Chimera Ransomware Operation Shut Down

ransomware

Researchers believe the Chimera ransomware operation has been shut down, and that it never could live up to its promise of publishing victims’ data online.

It seems that as quickly as the Chimera ransomware surfaced, the operation has been shut down.

Researchers at Bleeping Computer said Tuesday that the malware was no longer active. A number of security companies were publishing alerts about this latest strain of crypto-ransomware, which was primarily targeting users in Germany and made veiled threats of publishing victims’ encrypted data online.

Lawrence Abrams of Bleeping Computer, however said that was indeed an empty threat and that the malware did not have the capability to do this.

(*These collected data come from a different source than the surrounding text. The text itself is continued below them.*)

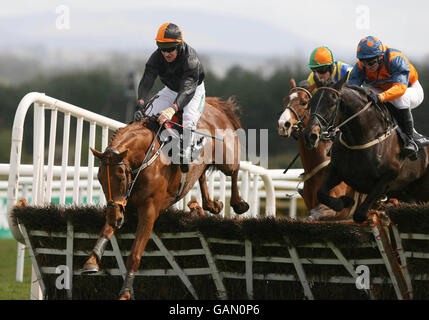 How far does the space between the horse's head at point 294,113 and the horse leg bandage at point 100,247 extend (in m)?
1.99

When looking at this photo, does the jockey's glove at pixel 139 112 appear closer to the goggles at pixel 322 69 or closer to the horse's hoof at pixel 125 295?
the horse's hoof at pixel 125 295

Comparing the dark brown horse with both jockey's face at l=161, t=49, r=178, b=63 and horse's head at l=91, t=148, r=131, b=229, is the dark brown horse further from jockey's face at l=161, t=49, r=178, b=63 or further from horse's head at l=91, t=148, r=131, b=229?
horse's head at l=91, t=148, r=131, b=229

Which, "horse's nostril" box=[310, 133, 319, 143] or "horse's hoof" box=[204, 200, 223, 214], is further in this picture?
"horse's hoof" box=[204, 200, 223, 214]

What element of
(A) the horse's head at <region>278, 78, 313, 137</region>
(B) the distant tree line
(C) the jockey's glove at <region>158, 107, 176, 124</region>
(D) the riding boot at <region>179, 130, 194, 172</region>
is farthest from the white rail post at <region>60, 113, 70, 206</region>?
(B) the distant tree line

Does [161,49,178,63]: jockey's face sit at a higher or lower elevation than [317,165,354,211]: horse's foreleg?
higher

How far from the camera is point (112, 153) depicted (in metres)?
5.67

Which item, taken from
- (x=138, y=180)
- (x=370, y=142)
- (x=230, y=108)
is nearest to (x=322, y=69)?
(x=230, y=108)

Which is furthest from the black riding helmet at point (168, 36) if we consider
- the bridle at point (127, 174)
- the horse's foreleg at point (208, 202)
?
the horse's foreleg at point (208, 202)

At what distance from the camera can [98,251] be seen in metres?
5.54

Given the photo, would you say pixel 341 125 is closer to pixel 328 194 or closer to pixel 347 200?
pixel 328 194

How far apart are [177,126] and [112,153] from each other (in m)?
0.99

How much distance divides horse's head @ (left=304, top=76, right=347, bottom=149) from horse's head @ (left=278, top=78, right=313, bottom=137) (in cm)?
69

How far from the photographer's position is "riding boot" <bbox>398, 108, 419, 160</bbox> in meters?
6.45

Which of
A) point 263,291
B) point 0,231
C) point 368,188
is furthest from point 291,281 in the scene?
point 0,231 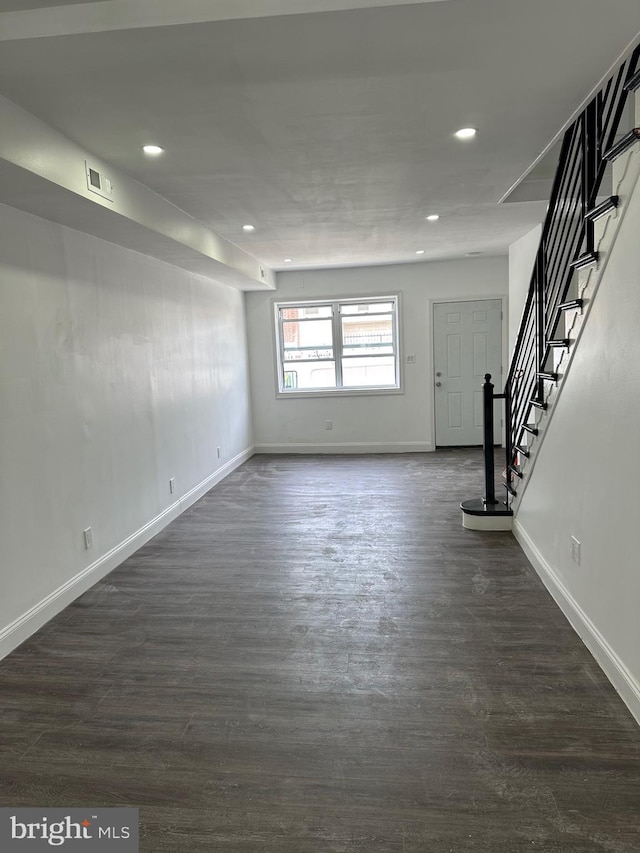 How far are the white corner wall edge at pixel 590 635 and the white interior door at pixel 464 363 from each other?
3953 mm

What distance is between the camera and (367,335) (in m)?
7.82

“They encrypt the data files but do not transmit any details about these files or the files themselves anywhere during the encryption process. The encryption part of the malware also deletes itself after running, so there is nothing left to transmit them later,” Abrams said. “The decrypter that they have you download does sit there running while it waits for the decryption key to be sent to it, but we have the source code for it and it does not send data files anywhere.”

Abrams said that researcher Fabian Wosar of Emisoft has also looked into Chimera and his educated guess is that the rash of attention foisted upon the campaigns in Germany may have forced the attackers’ hand to shut down the operation. Abrams worries, however, that other ransomware gangs may follow Chimera’s lead, in particular around its unique use of the Bitmessage peer-to-peer messaging protocol for communication and payment transactions between the attackers and victim computers.

Bitmessage operationally is similar to Bitcoin in that all users receive all encrypted messages through the system. Only those clients with a private key to access the message, in this case the attacker. The distributed nature of the system and the encryption afforded each message made it attractive to the attackers.

“As long as the malware developer has access to a computer, they can access their bitmessages and retrieve new keys and send decryption keys,” Abrams said. “All bitmessages are saved and distributed to other peers for two days, so the developer can move from location to location and still be able to access messages that were received during that time frame. As many of the peers use Tor, VPNs, I2P, etc and because all peers forward on the messages, there is no way to truly determine who the original sender was.”

bitmessage-messages

Chimera popped up in September, spreading in business-related emails to companies in Germany. Botfrei, the Anti-Botnet Advisory Centre, earlier this month published an advisory warning companies about the spread of Chimera and the messaging used to move the malware. Emails included links to resources stored on Dropbox, which are instead the Chimera malware. The ransomware downloads and encrypts locally stored data and network drives connected to the victimized computer.

The ransom notes demands about $700 USD to be paid in Bitcoin, and promises that the attackers will publish personal data and photographs online if the ransom is not paid.